C’était sans compter avec Claudie Ayass, Solange Bassal et Antoine Khalo. Déterminéss à poursuivre l’œuvre de bienfaisance au profit des immigrants, ils se sont attelées, dès 2000, à faire redémarrer l’association à but non lucratif avec une nouvelle organisation et un nouveau nom : « L’Entraide » … et c’était bien de ça dont il s’agissait : hébergement, recherche d’emploi, appui aux enfants scolarisés, support financier aux familles dans le besoin, visite aux personnes âgées, assistance aux malades, soutien moral… Les familles fraichement débarquées étaient accueillies en bonne et due forme par cette ONG…
Avec la communauté qui comptait déjà trois générations d’immigrants (auxquels se sont joints les Jordaniens, les Palestiniens, tous ces Chrétiens d’Orient déplacés), L’Entraide s’est restructurée en quatre volets : social, communautaire, culturel et caritatif sur la base d’une adhésion annuelle.

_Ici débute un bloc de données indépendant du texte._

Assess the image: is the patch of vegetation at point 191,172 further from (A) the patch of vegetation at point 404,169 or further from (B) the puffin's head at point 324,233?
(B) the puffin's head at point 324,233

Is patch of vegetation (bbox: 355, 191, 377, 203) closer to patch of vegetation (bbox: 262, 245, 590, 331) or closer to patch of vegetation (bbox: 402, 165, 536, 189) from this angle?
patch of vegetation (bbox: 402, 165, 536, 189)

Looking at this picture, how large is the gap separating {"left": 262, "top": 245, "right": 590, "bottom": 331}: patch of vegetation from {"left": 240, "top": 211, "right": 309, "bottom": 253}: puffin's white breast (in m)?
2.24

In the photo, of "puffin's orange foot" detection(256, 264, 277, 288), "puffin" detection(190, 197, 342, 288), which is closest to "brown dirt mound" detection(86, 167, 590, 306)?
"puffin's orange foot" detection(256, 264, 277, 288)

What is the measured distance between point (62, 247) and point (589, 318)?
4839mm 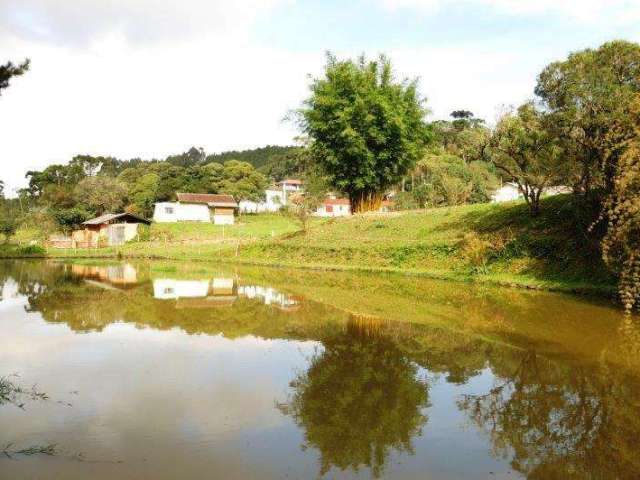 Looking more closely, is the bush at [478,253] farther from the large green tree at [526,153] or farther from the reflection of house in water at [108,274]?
the reflection of house in water at [108,274]

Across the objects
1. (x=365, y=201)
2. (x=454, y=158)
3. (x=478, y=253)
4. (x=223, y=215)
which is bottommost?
(x=478, y=253)

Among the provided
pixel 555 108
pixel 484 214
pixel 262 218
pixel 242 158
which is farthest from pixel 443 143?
pixel 242 158

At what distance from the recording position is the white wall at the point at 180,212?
2788 inches

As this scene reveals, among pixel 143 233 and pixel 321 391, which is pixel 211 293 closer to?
pixel 321 391

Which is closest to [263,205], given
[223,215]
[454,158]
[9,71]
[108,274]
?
[223,215]

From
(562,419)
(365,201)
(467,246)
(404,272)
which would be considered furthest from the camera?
(365,201)

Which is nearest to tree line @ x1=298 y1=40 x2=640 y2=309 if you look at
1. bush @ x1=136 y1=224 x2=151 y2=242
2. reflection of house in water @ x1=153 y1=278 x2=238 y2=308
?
reflection of house in water @ x1=153 y1=278 x2=238 y2=308

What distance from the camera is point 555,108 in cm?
2144

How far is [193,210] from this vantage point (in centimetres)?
7150

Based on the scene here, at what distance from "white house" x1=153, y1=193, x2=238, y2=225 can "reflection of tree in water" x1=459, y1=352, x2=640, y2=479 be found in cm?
6358

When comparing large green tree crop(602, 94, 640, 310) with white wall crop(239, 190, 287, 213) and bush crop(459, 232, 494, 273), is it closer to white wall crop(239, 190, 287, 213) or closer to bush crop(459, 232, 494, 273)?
bush crop(459, 232, 494, 273)

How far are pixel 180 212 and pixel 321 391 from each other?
65.3 m

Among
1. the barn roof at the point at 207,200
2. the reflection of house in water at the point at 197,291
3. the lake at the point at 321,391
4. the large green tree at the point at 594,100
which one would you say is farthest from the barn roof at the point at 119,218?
the large green tree at the point at 594,100

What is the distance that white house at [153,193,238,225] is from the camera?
7088cm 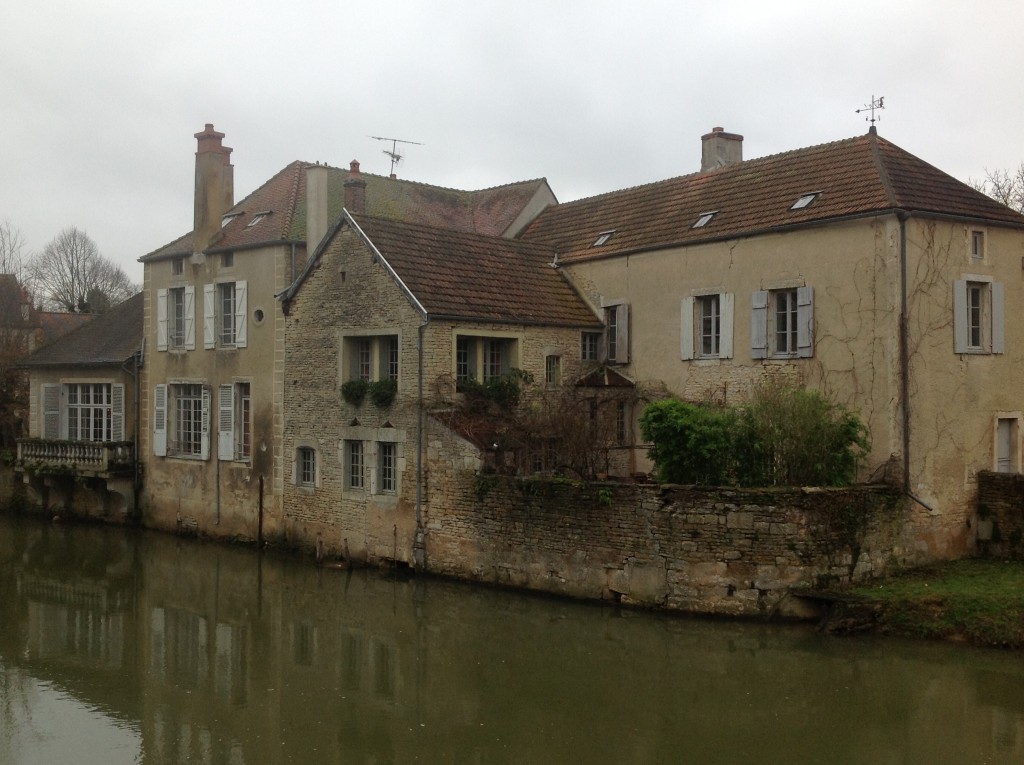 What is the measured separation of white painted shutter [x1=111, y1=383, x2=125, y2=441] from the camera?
85.6 feet

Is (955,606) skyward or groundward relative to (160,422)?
groundward

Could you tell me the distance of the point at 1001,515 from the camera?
17.2 m

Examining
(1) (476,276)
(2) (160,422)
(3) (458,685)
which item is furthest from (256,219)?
(3) (458,685)

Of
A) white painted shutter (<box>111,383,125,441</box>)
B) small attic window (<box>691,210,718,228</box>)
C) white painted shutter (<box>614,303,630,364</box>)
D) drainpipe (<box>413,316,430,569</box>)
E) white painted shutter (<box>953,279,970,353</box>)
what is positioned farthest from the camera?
white painted shutter (<box>111,383,125,441</box>)

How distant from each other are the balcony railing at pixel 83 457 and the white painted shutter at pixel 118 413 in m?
0.83

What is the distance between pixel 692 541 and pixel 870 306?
15.8ft

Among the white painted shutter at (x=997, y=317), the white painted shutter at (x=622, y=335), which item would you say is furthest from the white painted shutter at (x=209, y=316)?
the white painted shutter at (x=997, y=317)

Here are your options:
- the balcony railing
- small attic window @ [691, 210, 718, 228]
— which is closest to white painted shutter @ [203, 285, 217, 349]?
the balcony railing

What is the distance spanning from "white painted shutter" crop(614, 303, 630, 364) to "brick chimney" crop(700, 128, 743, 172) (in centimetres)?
399

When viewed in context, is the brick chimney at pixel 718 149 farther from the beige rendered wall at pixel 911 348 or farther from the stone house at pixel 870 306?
the beige rendered wall at pixel 911 348

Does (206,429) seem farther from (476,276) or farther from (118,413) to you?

Et cela dure depuis 60 ans et se traduit par une multitude d’activités orchestrées par un conseil d’administration dynamique présidé par la vaillante Claudie Ayass, médaillée 2 fois pour son action bénévole, et qui gravitent autour de la réflexion, du dialogue et des échanges interculturels : conférences intellectuelles, animations intergénérationnelles, cours de musique, club de lecture, excursions à la découverte du Québec, bourses d’études, le tout animé par une myriade d’une quarantaine de bénévoles qui butinent sans relâche et à qui L’Entraide consacre, chaque année, un brillant cocktail officiel en signe de reconnaissance de leur travail et de leur présence indéfectibles.

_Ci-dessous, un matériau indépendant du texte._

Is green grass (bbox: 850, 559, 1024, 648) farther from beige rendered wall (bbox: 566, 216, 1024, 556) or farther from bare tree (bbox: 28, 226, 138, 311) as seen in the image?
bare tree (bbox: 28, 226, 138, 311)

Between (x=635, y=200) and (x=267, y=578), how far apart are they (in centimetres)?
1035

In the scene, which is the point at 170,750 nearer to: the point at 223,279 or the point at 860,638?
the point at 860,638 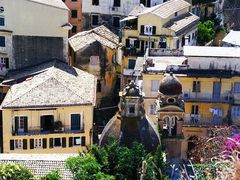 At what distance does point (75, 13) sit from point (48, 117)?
22.6 meters

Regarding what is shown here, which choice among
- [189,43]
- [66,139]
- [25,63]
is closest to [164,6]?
[189,43]

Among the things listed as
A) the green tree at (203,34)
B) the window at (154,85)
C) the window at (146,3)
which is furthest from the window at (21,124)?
the green tree at (203,34)

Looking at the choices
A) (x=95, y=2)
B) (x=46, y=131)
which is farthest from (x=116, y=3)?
(x=46, y=131)

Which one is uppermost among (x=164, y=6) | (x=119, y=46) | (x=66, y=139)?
(x=164, y=6)

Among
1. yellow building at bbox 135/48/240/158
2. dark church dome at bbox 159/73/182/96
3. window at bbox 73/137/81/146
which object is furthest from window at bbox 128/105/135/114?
window at bbox 73/137/81/146

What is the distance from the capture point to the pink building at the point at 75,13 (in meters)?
69.4

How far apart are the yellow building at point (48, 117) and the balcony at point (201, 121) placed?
782 centimetres

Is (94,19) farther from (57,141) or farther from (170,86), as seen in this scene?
(170,86)

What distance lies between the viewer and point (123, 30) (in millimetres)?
61281

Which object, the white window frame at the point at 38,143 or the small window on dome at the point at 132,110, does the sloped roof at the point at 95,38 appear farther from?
the small window on dome at the point at 132,110

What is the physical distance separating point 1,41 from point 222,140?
2502 centimetres

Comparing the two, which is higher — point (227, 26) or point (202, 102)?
point (227, 26)

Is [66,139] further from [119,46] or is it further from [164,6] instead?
[164,6]

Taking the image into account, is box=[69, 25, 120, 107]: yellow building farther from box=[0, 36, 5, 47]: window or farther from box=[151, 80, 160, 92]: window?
box=[151, 80, 160, 92]: window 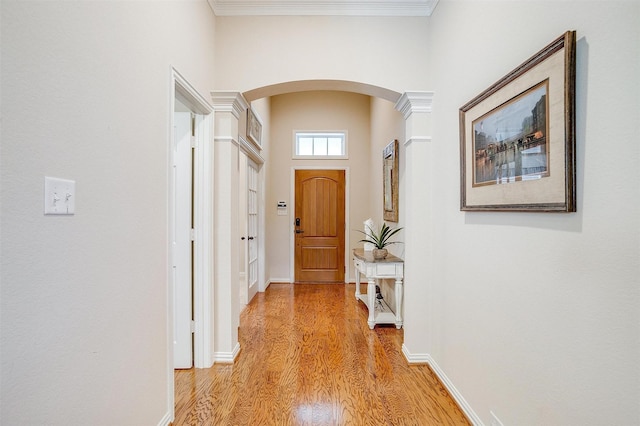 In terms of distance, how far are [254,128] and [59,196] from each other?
3.29 meters

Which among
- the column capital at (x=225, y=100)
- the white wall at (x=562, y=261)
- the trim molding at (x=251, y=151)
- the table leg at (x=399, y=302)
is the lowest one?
the table leg at (x=399, y=302)

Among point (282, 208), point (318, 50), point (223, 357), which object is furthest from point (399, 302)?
point (282, 208)

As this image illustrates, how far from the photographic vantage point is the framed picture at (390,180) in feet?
12.3

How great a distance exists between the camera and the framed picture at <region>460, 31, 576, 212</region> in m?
1.18

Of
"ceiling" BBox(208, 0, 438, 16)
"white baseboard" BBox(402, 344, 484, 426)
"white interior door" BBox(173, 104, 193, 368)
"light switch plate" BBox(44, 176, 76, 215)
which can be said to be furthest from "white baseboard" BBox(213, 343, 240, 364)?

Il faut surtout signaler, au-delà des actions ponctuelles, nombreuses et variées, que l’Entraide c’est surtout un esprit de partage et de soutien qui renforce les liens des communautés moyen-orientales, pourtant bien ancrées dans la réalité québécoise. Pas de nostalgie ou de caucus entre soi, pas de politique, mais une grande famille, une allégeance, des retrouvailles, l’occasion de donner une visibilité aux talents de chez nous, une épaule amicale, des racines sauvegardées (la sociabilité, l’ouverture aux autres), des traditions perpétrées, à quoi s’ajoute la constitution d’un terreau, une référence « autre » pour la nouvelle génération née en terre d’ « exil ».
Sans nullement se positionner comme un référant idéologique, l’Entraide c’est aussi un engagement de tous les jours, de toute une vie, une œuvre plantée dans la foi, qui affirme et partage des prises de position conformes à nos habitudes et à nos valeurs, une voix pour se faire entendre dans un environnement étranger à nos us et croyances (cf. l’émission phare à la radio du Dr.Raouf Ayass : Chrétiens du Moyen-Orient), une présence soutenue par un bulletin bimensuel, un courriel amical qui annonce et rappelle les différentes activités, une commémoration, des jeux de cartes, des soirées St -Valentin, un verre de l’amitié en arrivant, des bouchées pour accueillir à l’orientale, des sourires, de l’accueil, de l’acceptation…
Une autre façon de résister tout en s’intégrant harmonieusement à la société d’accueil et d’assumer sa citoyenneté sans renoncer au legs de ses origines.